City of Cardiff Council has been running projects through Erasmus+ and its predecessor programme for over eight years.
During this time it has been awarded over 3.3 million Euro in Erasmus+ funding, helping to raise standards in Welsh schools and improve global understanding amongst its participants.
City of Cardiff Council, in its goal to support its leaders, teachers and the wider school community in schools across Wales, has carried out a diverse range of Erasmus+ projects. These projects have impacted directly on teaching and learning - developing skills amongst its pupils, school staff and communities. They have also helped to raise standards in schools across the country and enabled City of Cardiff Council to support schools in meeting their national and international priorities.
Emily Daly, International School Linking Officer for City of Cardiff Council, has led on all of these projects and estimates that they have run over 20, first with Comenius, a schools predecessor programme, and then through Erasmus+. For the five Erasmus+ Key Action 1 projects it has run, as the Consortium lead, City of Cardiff Council received funding to support over 300 teachers in mobility and continuous professional development (CPD) opportunities. Its six Erasmus+ Key Action 2 strategic partnership projects have typically involved around three schools and focused heavily on pupil participation. As a result, over 200 teachers and their pupils have been positively impacted, with the wider schools, partner schools and their combined staff, families and communities also benefiting from the many and varied activities.
Projects have covered a broad range of topics, from gender equality to literacy in home languages. Many projects focus on CPD, on issues such as additional learning needs education, parental education and inclusion. And the story continues for City of Cardiff Council as it has just received Erasmus+ funding to run a further four projects looking at a new range of demanding and diverse topics, from robotics to wellbeing in schools.
Thanks to Erasmus+ we are bringing together schools, teachers, young people and wider communities to learn from each other and develop a more global outlook.
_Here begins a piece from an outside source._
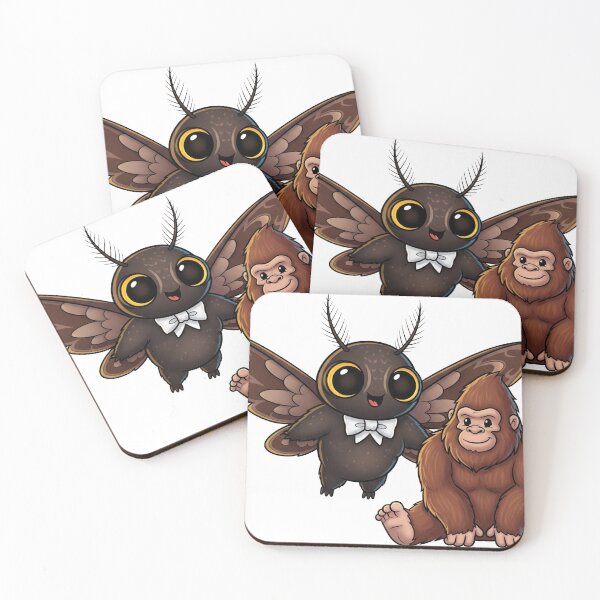 Item preview, Cute Cryptid Friends – Bigfoot & Mothman Art designed and sold by Strange Comforts.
Emily Daly, International School Linking Officer for City of Cardiff Council
With such a large number of projects and people involved, it was hard to select a few examples of successful projects, but these more recent ones stand out for Emily:
This project, completed last year, impacted greatly on the wider communities in all the participating schools. In each case parents are now regular visitors to the schools, participating in learning of their own, supporting pupils and other parents in their learning and generally engaging with school activities. You can find out more about this project in a short film made by the schools.
Learning and Teaching Together
This pupil-led community project is having real impact on the wider school community. In 2017 two of the participating schools took primary pupils to attend a pupil conference in Spain. Many of the children had not travelled abroad and in order to be chosen as representatives they needed to go through rigorous interview processes, including, in one case, going to an interview in Cardiff City Hall. The skills the children are learning on the project are significantly impacting on standards already and the community projects in which they are engaged are bringing parents and the community into the schools.
Leadership and Management
In 2016 21 head-teachers and senior leaders took part in a study visit to Finland, the first in this two-year project. As a result, many of the schools have adopted techniques learned in Finland, such as standing desks and exercise balls in place of some chairs, and the impact is clearly visible. The leaders have embraced the learning and a large number of presentations have taken place to other school-leaders, teachers, council leads and the Welsh Government. Emily is particularly excited and encouraged by the impact of this project overall out of which they have established ‘ELAN’ (European Local Authority Network) which brings together local authority representatives to form formal and informal links. Members are currently from 10 member states and from 15 different regions.
And one older project that stands out from the Erasmus+ predecessor schools programme is Greenway Primary:
This primary school based in Cardiff has a long history of welcoming gypsy traveller families into education, with up to 30% of the school population from this community. Working with a region in Spain to share work and learning was invaluable. Greenway focused on creative projects and physical exercise, knowing that these were areas that this community enjoys. Traveller children led sessions in class on their culture so that whole school understanding was developed and myths dispelled. 60 children gained qualifications in first aid and conflict management. Their attendance improved year on year since 2011, placing them above the local authority average in 2015/16 academic year at 95.7%. This is an increase of 10% in five years. Attainment and achievement also improved within this group. This year 75% of the gypsy traveller children will achieve Core Subject Indicator of L4+ and 80% Foundation Phase Indicator O5+. The traveller community has increased its attendance at all school events from about 50% to 80%.
“We are delighted that growing numbers of schools all over Wales are now participants in the Erasmus+ programme. This means that not only are we able to impact locally, but also nationally and internationally. We continue to bring teachers from across Wales together to work collaboratively on exciting, demanding and highly relevant topics, but importantly they are working with partners across Europe and beyond. Erasmus+ is one of the most exciting things we have done as professionals and we are proud to be part of this global community.” Emily concludes.